2.: Der vorliegende Antrag betrifft das ältere (am 22.6.2021 eingeleitete) Verfahren (gegenüber dem im Antrag verstümmelt genannten Verfahren 43 Cg 162/21i LG Feldkirch: Klagseinbringung 20.10.2021). Voranzustellen ist jener Grundsatz, der für alle Widerrufs-, Verlegungs- und Erstreckungsanträge gilt: Sie entfalten keine aufschiebende Wirkung. Dies bedeutet, bis zu ihrer antragsgemäßen Erledigung müssen die antragstellende Partei und ihr Vertreter vom aufrechten Termin ausgehen (8 ObA 46/14v, SVSlg 64.797; 6 Ob 264/04y; RIS Justiz RS0114577; LGZ Wien 19.10.2010, 44 R 520/10m, EFSlg 128.499; 14.5.2008, 42 R 87/08t, EFSlg 121.065; Buchegger in Fasching/Konecny ZPO³ II/3 [2015] § 136 Rz 2).

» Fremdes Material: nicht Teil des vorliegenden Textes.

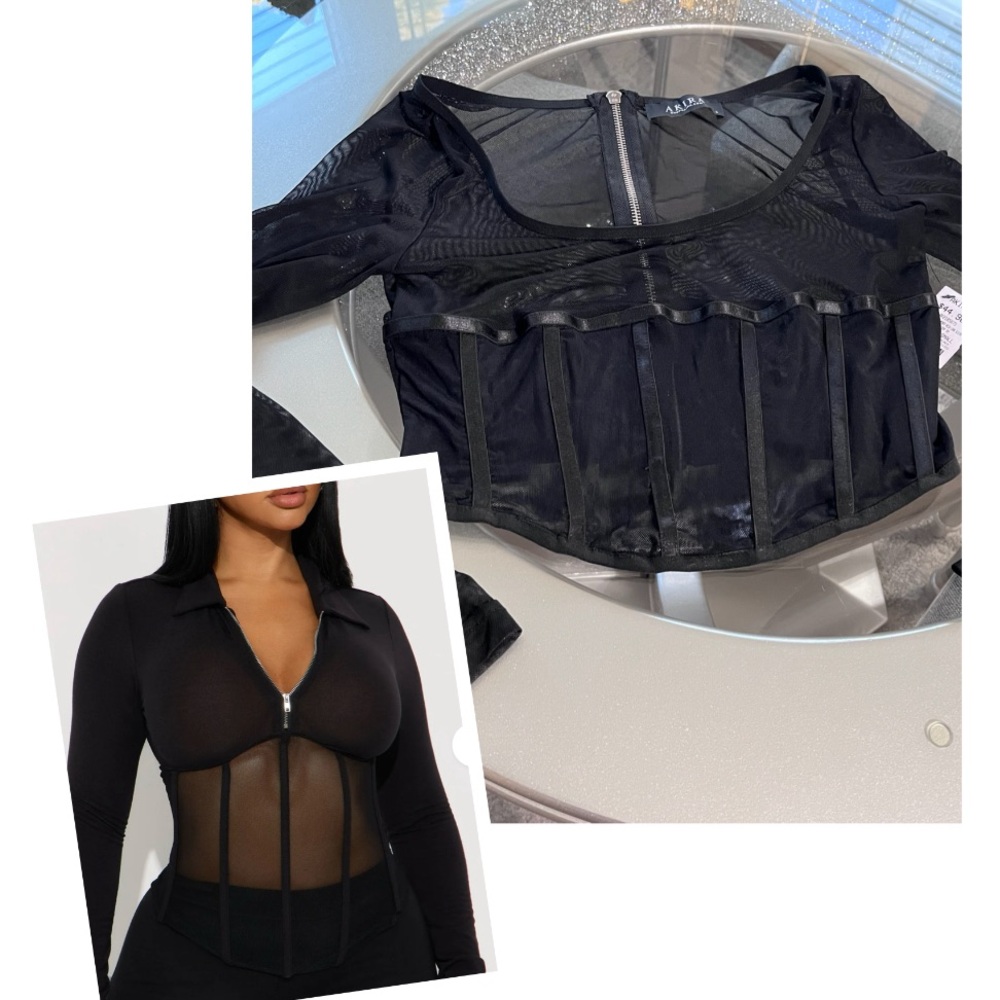 AKIRA Black Sheer Mesh Corset Top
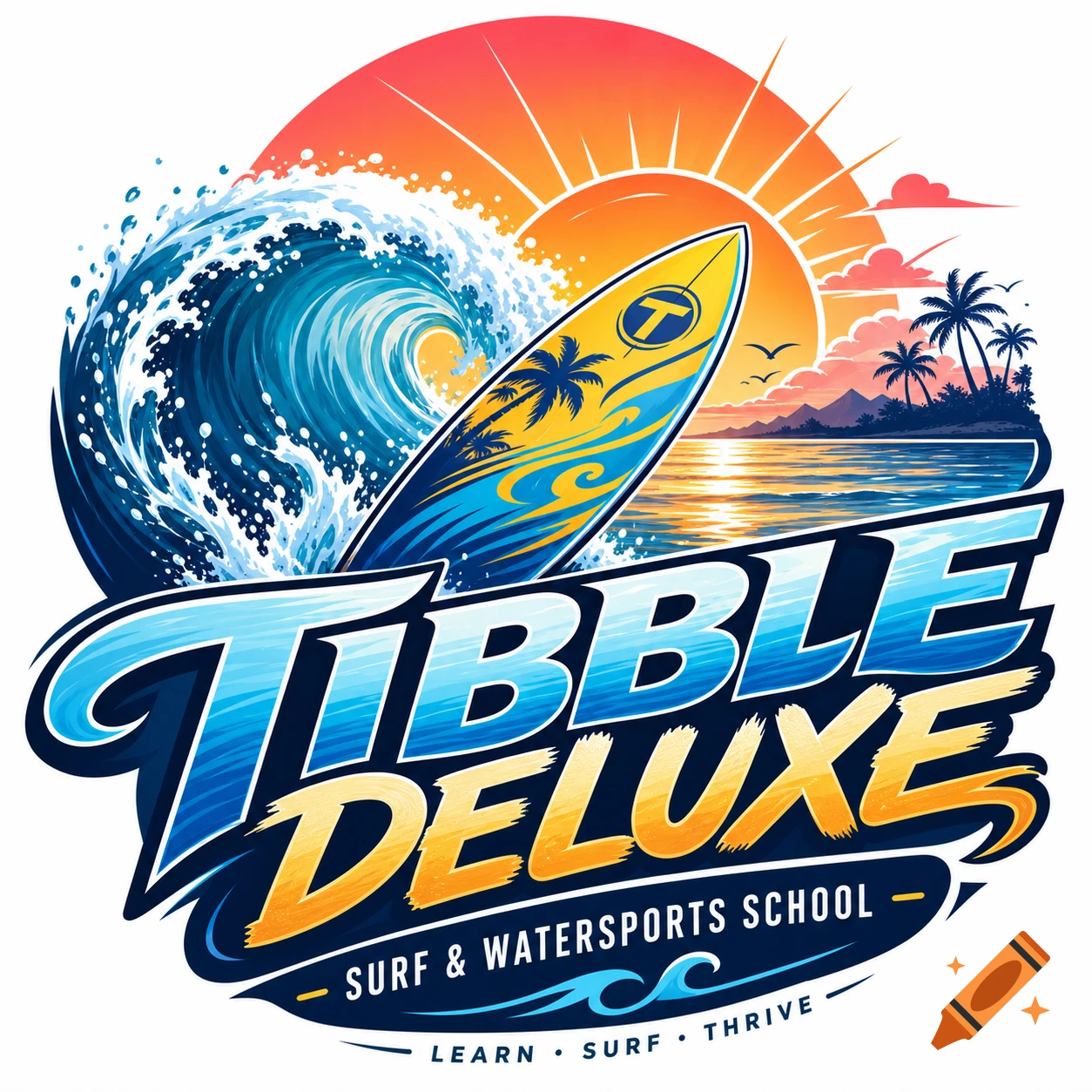 Vibrant surf and watersports school logo with a surfboard, wave, sunset, palm trees, and 'Tibble Deluxe' text.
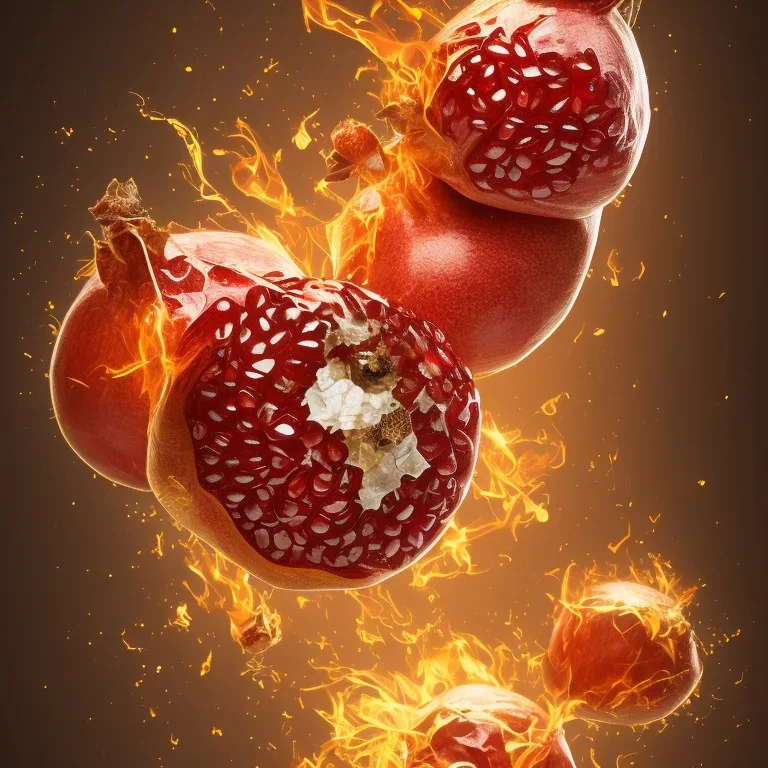 Pomegranate with fiery skin and sparkling diamond seeds, with full details, 8k, 16k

3.: Ebenso wie bei Fristverlängerungsanträgen nach § 128 ZPO sind bei solchen ua Verlegungsanträgen das unübersteigbare oder doch erhebliche Hindernis im Antrag anzuführen (LGZ Wien EFSlg 121.065) und die dafür erforderlichen Bescheinigungsmittel sofort im Antrag anzubieten ( Buchegger § 135 Rz 1). Wohl kann an sich auch ein erhebliches Hindernis in der Person des Bevollmächtigten unter § 134 Z 1 ZPO subsumiert werden. Dies jedoch nur mit der Einschränkung, dass ein Rechtsanwalt gemäß § 31 Abs 3 ZPO und § 14 RAO jederzeit die Möglichkeit zur Weitergabe einer Prozessvollmacht bzw zur Betrauung eines Substituten hat. Deshalb wird im Regelfall der Umstand, dass der bevollmächtigte Rechtsanwalt zur gleichen Zeit andere Verhandlungen hat, eine ua Verlegung nicht rechtfertigen können (2 Ob 646/57, JBl 1958, 238). Eine andere Betrachtung wäre nur dort angezeigt, wo behauptet und glaubhaft gemacht ist, dass die Rechtssache objektiv so kompliziert und umfänglich ist, dass eine durch die Umstände bedingte kurzfristige Substitution schon nach allgemeiner Erfahrung ausgeschlossen ist (OLG Wien EvBl 1950/62), sodass der Rechtsanwalt dann, wenn die Verhinderung wie hier durch eine anderweitige Verhandlung verursacht ist, immer auch noch ausdrücklich vorbringen und gegebenenfalls bescheinigen muss, dass er in der anderen Rechtssache keine Substitution vornehmen kann (LGZ Wien 31.1.1996, 45 R 55/96p, EFSlg 82.203; 21.11.1995, 37 R 696/95, EFSlg 79.183; OLG Wien 11.10.1993, 16 R 189/93, EFSlg 72.936; 72.935; Buchegger § 134 Rz 11 f). Im vorliegenden Fall hat der Klagsvertreter weder die Unmöglichkeit der Substitution noch eine besondere Komplexität des Parallelverfahrens 43 Cg 162/21i, das einer Substitution entgegenstünde, behauptet. Da ihm die Terminkollision nach eigenem Vorbringen zumindest seit 31.8.2023, somit mehr als vier Wochen vor den Terminen bekannt war, wäre - je nach seiner eigenen Einschätzung - eine Substitution mit vorheriger Instruktion des Substituten sowohl im Verfahren 43 Cg 162/21i als auch im vorliegenden Verfahren durchaus möglich gewesen und in Betracht gekommen (vgl Gitschthaler in Rechberger/Klicka ZPO 5 [2019] §§ 134 139 Rz 5 aE). Schon mangels konkreter Behauptung der Voraussetzung für ein Substitutionshindernis war daher sein Antrag abzuweisen.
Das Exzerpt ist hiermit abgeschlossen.